Internal Revenue Commissioner Caesar R. Dulay issued a memo, dated May 25 yet but posted on the BIR website only on Friday (July 3), listing down revised guidelines and requirements that both Pogo license holders and service providers needed to comply with before being allowed to operate.
Last May, the BIR issued a different memo with original guidelines and requirements ordered by Deputy Commissioner Arnel S.D. Guballa, who also heads the BIR’s Pogo task force.
Both memos—Revenue Memorandum Circular 46 and 64-2020—had an Annex A of conditions and documentary requirements, which the Inquirer compared.
In Annex A of memo No. 64-2020, the BIR removed specific coverage dates for franchise tax payments, even as the earlier memorandum circular specified the settlement for dues in 2019 and the first quarter of 2020.
On remittance of withholding taxes, both memos specified mandatory payments and documentation for the months of January to April, although the newer memo inserted the phrase “if applicable.”
Also, while memo No. 46 mandated “submission of a notarized undertaking to pay tax arrears for prior years,” the later memo circular removed the phrase “for prior years.”

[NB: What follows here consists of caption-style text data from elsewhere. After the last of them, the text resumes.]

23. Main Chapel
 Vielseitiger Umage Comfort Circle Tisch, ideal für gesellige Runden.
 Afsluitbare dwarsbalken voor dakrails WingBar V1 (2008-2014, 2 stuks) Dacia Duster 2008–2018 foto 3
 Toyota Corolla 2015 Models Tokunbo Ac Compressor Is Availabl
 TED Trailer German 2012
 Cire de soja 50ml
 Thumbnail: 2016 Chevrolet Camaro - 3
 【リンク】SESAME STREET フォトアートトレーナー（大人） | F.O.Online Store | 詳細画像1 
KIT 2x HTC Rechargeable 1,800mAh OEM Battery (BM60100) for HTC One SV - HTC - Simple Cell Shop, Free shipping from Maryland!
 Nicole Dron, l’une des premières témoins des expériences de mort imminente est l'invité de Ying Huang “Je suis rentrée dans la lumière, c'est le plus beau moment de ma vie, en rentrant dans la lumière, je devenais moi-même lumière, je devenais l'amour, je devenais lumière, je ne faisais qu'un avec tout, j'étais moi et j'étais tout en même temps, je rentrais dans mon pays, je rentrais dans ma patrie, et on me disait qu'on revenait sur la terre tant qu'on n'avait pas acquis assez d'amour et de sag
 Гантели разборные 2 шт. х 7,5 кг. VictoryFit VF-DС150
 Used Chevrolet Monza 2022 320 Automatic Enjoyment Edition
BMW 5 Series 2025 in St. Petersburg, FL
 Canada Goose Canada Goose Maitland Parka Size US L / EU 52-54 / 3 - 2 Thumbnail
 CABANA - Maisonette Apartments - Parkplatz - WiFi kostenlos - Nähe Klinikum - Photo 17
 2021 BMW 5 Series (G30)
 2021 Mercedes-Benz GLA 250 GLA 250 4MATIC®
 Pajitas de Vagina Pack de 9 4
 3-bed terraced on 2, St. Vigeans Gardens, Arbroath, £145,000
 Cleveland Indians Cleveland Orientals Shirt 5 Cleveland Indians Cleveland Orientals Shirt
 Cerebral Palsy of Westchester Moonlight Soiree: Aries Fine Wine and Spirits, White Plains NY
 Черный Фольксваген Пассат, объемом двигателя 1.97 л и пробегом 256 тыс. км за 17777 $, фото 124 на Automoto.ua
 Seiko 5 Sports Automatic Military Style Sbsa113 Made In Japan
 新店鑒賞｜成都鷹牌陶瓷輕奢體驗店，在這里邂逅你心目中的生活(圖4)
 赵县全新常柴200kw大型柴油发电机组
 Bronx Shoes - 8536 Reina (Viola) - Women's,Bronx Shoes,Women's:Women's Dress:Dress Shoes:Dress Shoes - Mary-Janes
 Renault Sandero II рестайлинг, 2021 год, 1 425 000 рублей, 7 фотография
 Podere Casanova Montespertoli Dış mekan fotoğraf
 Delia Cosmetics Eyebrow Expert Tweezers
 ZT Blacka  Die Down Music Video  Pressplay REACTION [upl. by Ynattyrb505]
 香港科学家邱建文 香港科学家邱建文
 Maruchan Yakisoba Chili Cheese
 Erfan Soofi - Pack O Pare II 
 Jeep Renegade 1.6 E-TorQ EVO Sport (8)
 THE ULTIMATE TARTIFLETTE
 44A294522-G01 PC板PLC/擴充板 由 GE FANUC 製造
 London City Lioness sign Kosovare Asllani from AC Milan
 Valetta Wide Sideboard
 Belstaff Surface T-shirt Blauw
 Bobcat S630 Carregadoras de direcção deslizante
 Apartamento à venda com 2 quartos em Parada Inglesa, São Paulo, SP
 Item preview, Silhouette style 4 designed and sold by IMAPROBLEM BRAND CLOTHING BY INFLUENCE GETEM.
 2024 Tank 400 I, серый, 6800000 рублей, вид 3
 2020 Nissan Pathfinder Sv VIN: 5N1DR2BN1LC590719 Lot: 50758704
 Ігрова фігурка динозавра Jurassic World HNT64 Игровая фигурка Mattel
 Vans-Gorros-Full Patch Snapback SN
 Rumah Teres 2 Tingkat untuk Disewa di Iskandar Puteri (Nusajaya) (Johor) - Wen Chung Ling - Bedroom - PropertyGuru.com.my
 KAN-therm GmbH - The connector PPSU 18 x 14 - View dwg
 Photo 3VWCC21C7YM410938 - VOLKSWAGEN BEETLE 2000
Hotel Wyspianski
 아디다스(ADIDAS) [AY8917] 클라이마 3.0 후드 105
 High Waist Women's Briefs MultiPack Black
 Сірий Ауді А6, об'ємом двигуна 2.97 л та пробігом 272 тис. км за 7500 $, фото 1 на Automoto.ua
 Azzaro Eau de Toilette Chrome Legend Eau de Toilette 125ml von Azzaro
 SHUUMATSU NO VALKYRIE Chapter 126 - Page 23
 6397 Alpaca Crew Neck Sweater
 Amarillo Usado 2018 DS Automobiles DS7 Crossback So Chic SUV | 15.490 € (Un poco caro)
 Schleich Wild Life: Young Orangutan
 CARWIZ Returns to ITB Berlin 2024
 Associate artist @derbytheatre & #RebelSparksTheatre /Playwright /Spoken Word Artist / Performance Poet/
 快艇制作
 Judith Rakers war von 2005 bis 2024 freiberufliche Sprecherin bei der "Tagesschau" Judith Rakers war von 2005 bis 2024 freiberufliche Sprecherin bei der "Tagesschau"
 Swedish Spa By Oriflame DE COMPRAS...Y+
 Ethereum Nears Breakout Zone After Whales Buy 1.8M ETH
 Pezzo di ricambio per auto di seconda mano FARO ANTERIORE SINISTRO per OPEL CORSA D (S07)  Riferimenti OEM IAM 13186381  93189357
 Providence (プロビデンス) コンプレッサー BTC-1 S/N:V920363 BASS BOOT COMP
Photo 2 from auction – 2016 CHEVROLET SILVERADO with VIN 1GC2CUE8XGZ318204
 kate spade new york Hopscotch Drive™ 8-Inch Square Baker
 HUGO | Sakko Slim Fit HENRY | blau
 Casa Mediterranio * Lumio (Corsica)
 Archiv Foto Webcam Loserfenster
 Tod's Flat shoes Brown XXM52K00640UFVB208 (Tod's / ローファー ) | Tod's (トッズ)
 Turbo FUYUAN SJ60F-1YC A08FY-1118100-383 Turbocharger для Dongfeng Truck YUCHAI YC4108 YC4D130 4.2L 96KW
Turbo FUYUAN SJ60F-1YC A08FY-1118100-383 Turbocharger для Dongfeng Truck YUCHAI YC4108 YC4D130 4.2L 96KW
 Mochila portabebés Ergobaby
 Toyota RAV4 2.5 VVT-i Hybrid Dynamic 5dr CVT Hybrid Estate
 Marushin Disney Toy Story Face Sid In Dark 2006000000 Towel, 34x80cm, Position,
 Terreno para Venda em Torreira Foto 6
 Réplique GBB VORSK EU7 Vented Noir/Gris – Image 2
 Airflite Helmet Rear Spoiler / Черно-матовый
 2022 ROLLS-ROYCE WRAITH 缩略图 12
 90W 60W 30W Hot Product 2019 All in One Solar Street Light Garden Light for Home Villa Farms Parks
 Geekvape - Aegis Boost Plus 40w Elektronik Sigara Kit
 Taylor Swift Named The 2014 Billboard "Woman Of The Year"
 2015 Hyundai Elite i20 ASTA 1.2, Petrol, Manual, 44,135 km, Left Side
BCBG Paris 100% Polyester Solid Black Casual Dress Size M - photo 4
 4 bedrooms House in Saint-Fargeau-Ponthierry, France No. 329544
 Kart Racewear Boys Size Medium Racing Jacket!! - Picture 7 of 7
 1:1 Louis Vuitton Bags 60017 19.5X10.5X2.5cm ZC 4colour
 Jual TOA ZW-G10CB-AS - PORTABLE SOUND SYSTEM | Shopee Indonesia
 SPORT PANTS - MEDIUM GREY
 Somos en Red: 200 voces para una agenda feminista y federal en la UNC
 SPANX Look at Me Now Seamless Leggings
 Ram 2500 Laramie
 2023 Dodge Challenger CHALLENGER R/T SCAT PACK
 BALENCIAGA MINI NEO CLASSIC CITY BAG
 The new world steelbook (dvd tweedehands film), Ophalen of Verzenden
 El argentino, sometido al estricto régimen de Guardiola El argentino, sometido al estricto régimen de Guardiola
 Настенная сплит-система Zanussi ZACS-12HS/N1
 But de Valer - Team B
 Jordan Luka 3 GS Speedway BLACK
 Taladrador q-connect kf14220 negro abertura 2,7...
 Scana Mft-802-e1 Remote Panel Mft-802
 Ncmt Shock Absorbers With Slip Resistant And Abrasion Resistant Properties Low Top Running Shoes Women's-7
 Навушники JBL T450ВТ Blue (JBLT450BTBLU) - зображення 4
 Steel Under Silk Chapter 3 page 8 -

In the case of Pogo service providers, the earlier memo included among the conditions that Pogos must have had “remitted and paid the withholding taxes due from the months of January to April 2020, including the 25-percent final withholding tax (FWT) due from their foreign employees.”
But in memo No. 64-2020, the provision on foreign workers’ FWT was removed.
The same was true for Pogo service providers’ tax arrears—the phrase “for prior years” present in memo No. 46-2020 was scrapped.
The Inquirer asked Dulay and Guballa if memo No. 64-2020 was meant to make it easier for Pogos to comply with the BIR’s requirements, but they did not reply as of early evening on Friday.
While the BIR had ordered Pogos to settle all their tax dues, operators appeared to have resorted to blackmailing the government with threats of leaving the Philippines over taxation disputes.
The government was also looking into reports that some Pogos had already resumed operations despite being unable to pay their taxes.
Last Monday (June 30), Finance Secretary Carlos G. Dominguez III said the BIR will still collect unpaid taxes from Pogos even if they leave.
SC World Development Group Ltd., a subsidiary of Macau-based Suncity Group which the Philippine Amusement and Gaming Corp. (Pagcor) said already shut down its Philippine operations, was an offshore licensee and “not registered with the BIR,” according to Dominguez.
He said, however, that the DOF would go after taxes due the shuttered Pogo license holder.
On license holder Don Tencess Asian Services Solution Inc., which Pagcor said was about to exit the Philippines, Dominguez had said it shall be “subjected to investigation before it will be given clearance to close by the BIR.”
Officials had declined to disclose how much in back taxes Pogos owed to the BIR.
In early 2020, around 60 Pogos operated with Pagcor licenses, on top of about 218 service providers said to be employing up to 130,000-150,000 people, of which at least three-fourths were foreigners—mostly Chinese.
Pogo licensees employ service providers whose workers directly deal with their clients—online gamblers abroad, mainly from China.
Last month, Dominguez said the Department of Finance (DOF) had estimated that as much as P20 billion a year in corporate and personal income taxes can be generated from Pogos.
As it intensified its campaign against tax-evading Pogos—both in corporate and franchise taxes and remittances of their employees’ income taxes—the BIR collected P6.4 billion in taxes from the industry in 2019.
But prior to 2019, tax revenues from the Pogo sector amounted to just roughly P1 billion per year, according to Dominguez.